WORK ITEM: Copy out exactly, from the entries that follow, the line holding "赵本山弟子程野引瞩目!接待日本前首相,赠书法,亲切交谈用餐!", the line holding "Golden Sands Hotel Apartments", and all lines between them, but no pictures.

WORKING DATA:
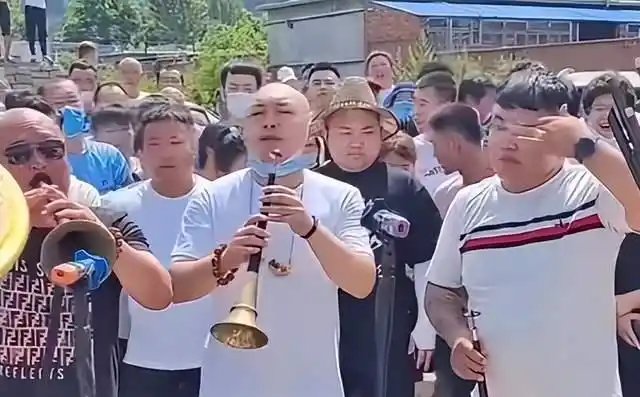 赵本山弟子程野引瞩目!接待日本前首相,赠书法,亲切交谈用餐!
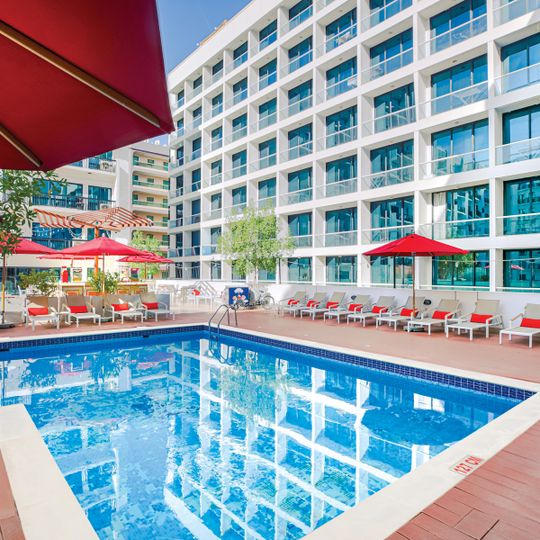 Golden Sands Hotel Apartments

==

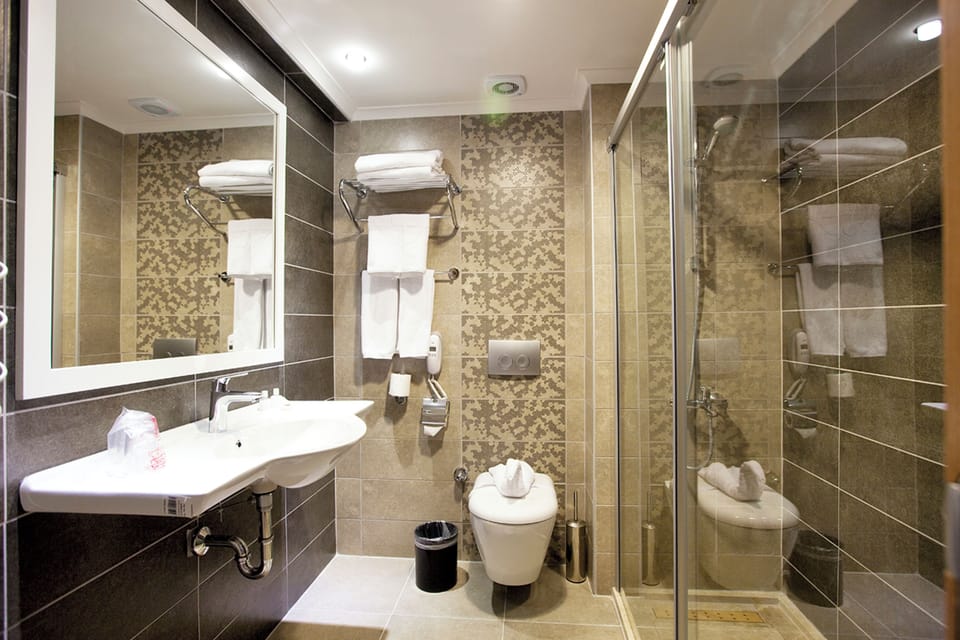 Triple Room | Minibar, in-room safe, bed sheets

...

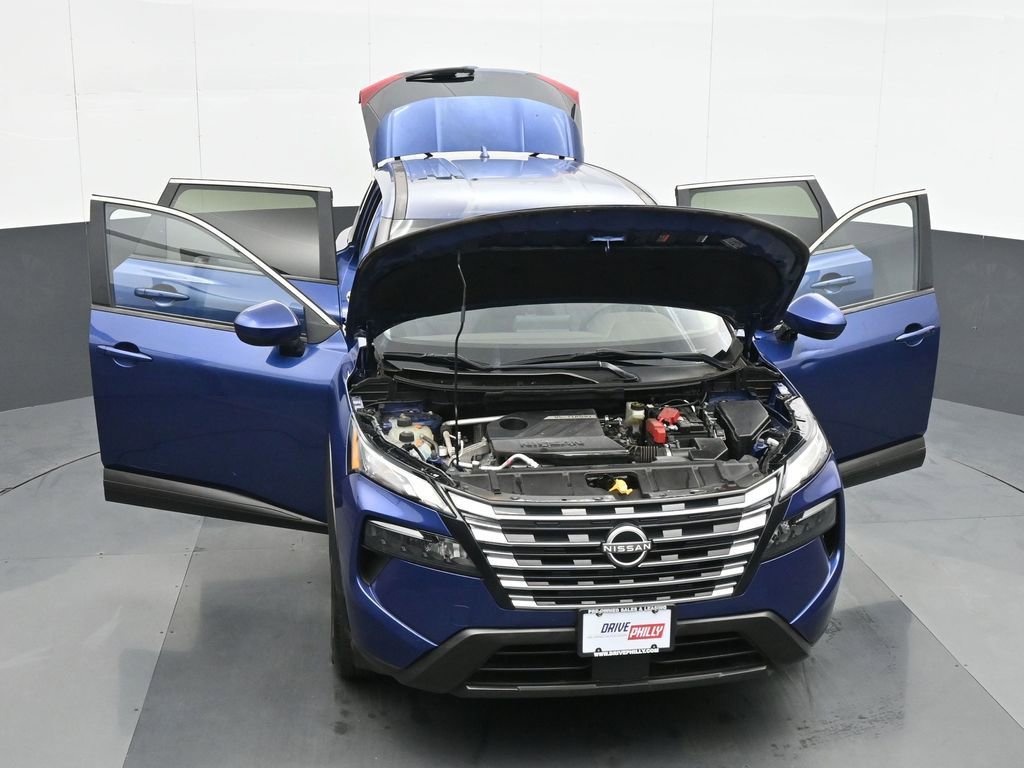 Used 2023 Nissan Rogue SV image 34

RESPONSE:
 赵本山弟子程野引瞩目!接待日本前首相,赠书法,亲切交谈用餐!
 Golden Sands Hotel Apartments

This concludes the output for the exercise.